It reminds me of all the controversy over the headscarf. Of course it’s important to combat oppression of women within religious cultures (leaving aside the issue of whether the hijab is really oppressive), but why is so much feminist outrage turned against it and not, as far as I can see in the media, the issue of harassment? Why is it so important to advocate for women to expose more of their bodies in public, and why are many men so very offended not to be able to see these women’s hair? When put together with the attitudes you were describing, a lot of the people who are arguing in the headscarf controversies seem a lot less pro-women from my point of view.
What do you think of the organisation Ni Putes Ni Soumises? I know it’s supposed to try to address similar issues, especially in the suburbs, and I wanted to get involved while I was there but didn’t have enough time, really.
Anyway, I’m glad you don’t face as much of this, but wow, so much that’s frustrating and scary in what you said, and a lot that resonated with me.
Claire says
Hi Lenore
Thanks for your encouragement and support. Yes that’s a good point about Ni Putes Ni Soumises. When I first got here I considered starting a support group for street harassment as 3 or 4 of my British, American and Australian friends got it just as bad as me and one even left the country because of it sadly. I never ended up getting a support group together but I’ve often looked into what’s out there and although there’s not much I really like what Ni Putes Ni Soumises are about and I’ve often thought it’s really time I got involved.
I have mixed views on the headscarf but you raise a good point about how vehemently opposed they are to it while not much appears to be done about addressing the harassment and violations women in France endure on a daily basis. Street harassment is really something that is hard to find support for -battered women and sexual harassment in the workplace are addressed but not what we suffer from in society. People would say to me there was no point yelling back at them about how what they were doing was wrong as the world is so big and you can’t change it but I do think education and campaigning can be done. Also simply awareness of the issue as frankly most people are flabbergasted or doubtful when I tell them my story finding it very hard to believe-yet women word for word on stop street harassment experience the very same thing and I have seen dozens of girls in Paris go through the exact same thing-one or two of them even worse than me.

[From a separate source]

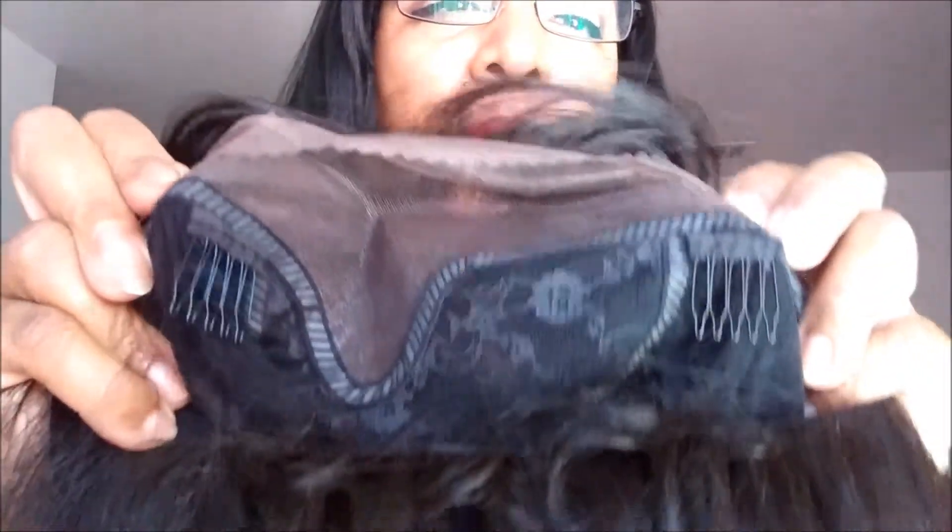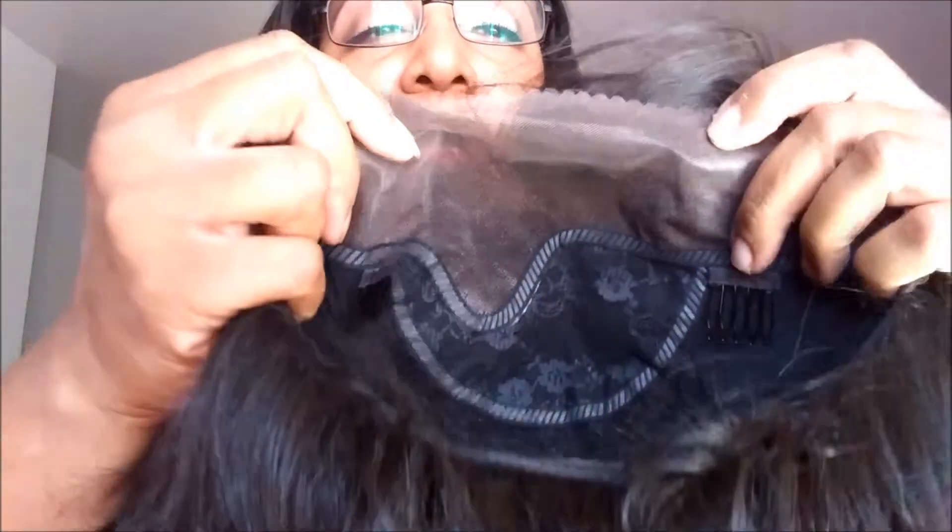Inside, you've got two combs in the front, one comb in the back, and your adjustable straps of course. I will show you that — two combs in the front, comb in the back. I do believe this has baby hairs in the back. Yeah, that's the baby hairs there. I am going to try this on for you guys. You got the lace here, and I wouldn't know how many inches that is — maybe about two, two and a half inches of lace.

About whether things have been written on this phenomenon in France from a cultural perspective yes I have seen things. Years ago I reached out to an American woman I googled who had written much on the subject-more angled at sexual harassment in the workplace and the difference between American and French women’s perspectives of the issue and why, tracing things back to the old “droit de cuissage”. It was very interesting-I wish I could remember her name and still had the article. I will look for it as it was really insightful.
Thanks again for putting this up there. It needs to be done. There really seems to be so little about this issue in Paris.
Claire
Claire says
Thanks Syndi for you support and I’m really very sorry to hear you have to suffer from this too, I so know what it feels like. I so agree with your post word for word. Particularly when you state that you “really resent the hatred and contempt they seem to feel for Western women, as if we were personally responsible for their grievances.” The time I had a pocket knife on my throat in the metro the guy had said to me that he knew girls like me and it’s because of me they had all their problems in the suburbs, that it was all my fault and who on earth did I think I was daring to ignore him- this despite my protests that I was raised in New Zealand and so very far from his banlieue culture.
Your other statement rings very very true “It’s treated as a major faux pas to try to discuss this with French people, as if you had said you were voting National Front.” and I am completely mystified on this one. I just don’t get the denial or why they do not address this issue correctly and why more people are not aware. People stare at you blankly like you’re from another planet when you seek support about this issue. I’ve been accused of lying in the past to try to draw attention to myself while I was in fact desperately trying to reach out for help in a situation where I had been deeply hurt from fighting off constant abuse and violence that I was complete innocent of, I felt destroyed inside and sought answers and support from anyone who could give me insight. And I agree entirely -fighting of harassmnet and insults on a daily basis can’t be good for you at all. My thoughts and support are with you. If you are still in Paris and want to discuss this further one day let me know.